Pros of Feeding Your Dog Human Food

Commercial, processed dog food wasn’t around forever. Before people could buy pet food in bags or cans, they would often feed their pets leftover scraps from their meals.

The commercial dog food industry changed that. And people like the convenience of ready-to-eat dog food you can buy at the store. So the vast majority of dogs eat dog food.

However, things have started to shift a bit. After some recalls of contaminated dog foods over the last 10 or 20 years, more dog owners are preparing home-cooked meals for their pets.

And that’s the first big pro of feeding your dog human food as opposed to commercial pet food. You have a better idea of what’s in your dog’s diet that way. Not just due to contamination either. With all the questionable ingredients, additives, and unknowns, people like the idea of feeding their pets food they have more quality control over.

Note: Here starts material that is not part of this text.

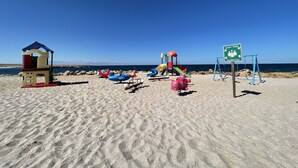 A beach with a lifeguard tower, inflatable slides, and a swing set.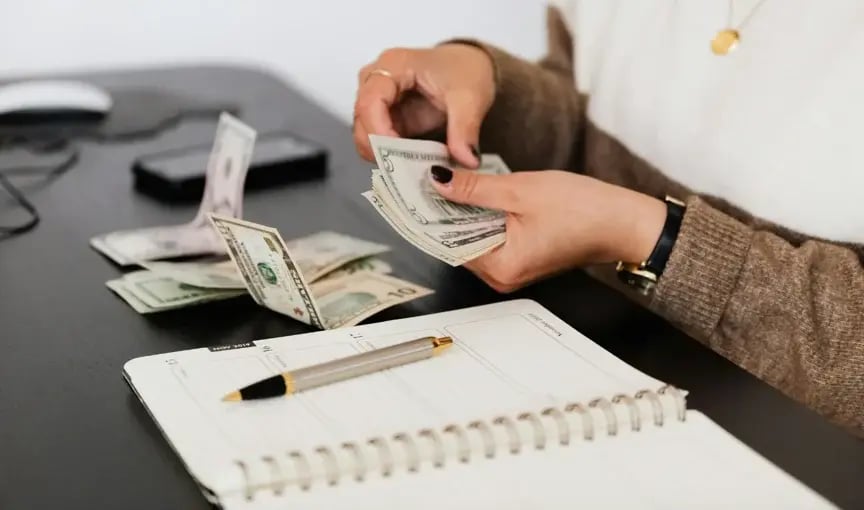 Close-up of hands counting dollar bills on a desk next to a notebook.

There are other benefits to feeding your dog fresh, real “human” food you prepare from high-quality ingredients. Among the benefits those who believe in a human food diet for dogs believe it can bring your dog include:

  • Overall better health
  • Stronger immunity
  • Increased energy and vitality
  • Easier/healthier digestion
  • Improved skin and coats
  • A longer lifespan

With all those potential benefits, feeding your dog human food seems like the way to go, right?! Well, not so fast. Here are some of the potential downsides to feeding your dog human food.

Cons of Feeding Your Dog Human Food

First and foremost, there are human foods that are harmful to dogs (more on these below). So you have to know what these foods are and make sure your dog avoids them at all costs!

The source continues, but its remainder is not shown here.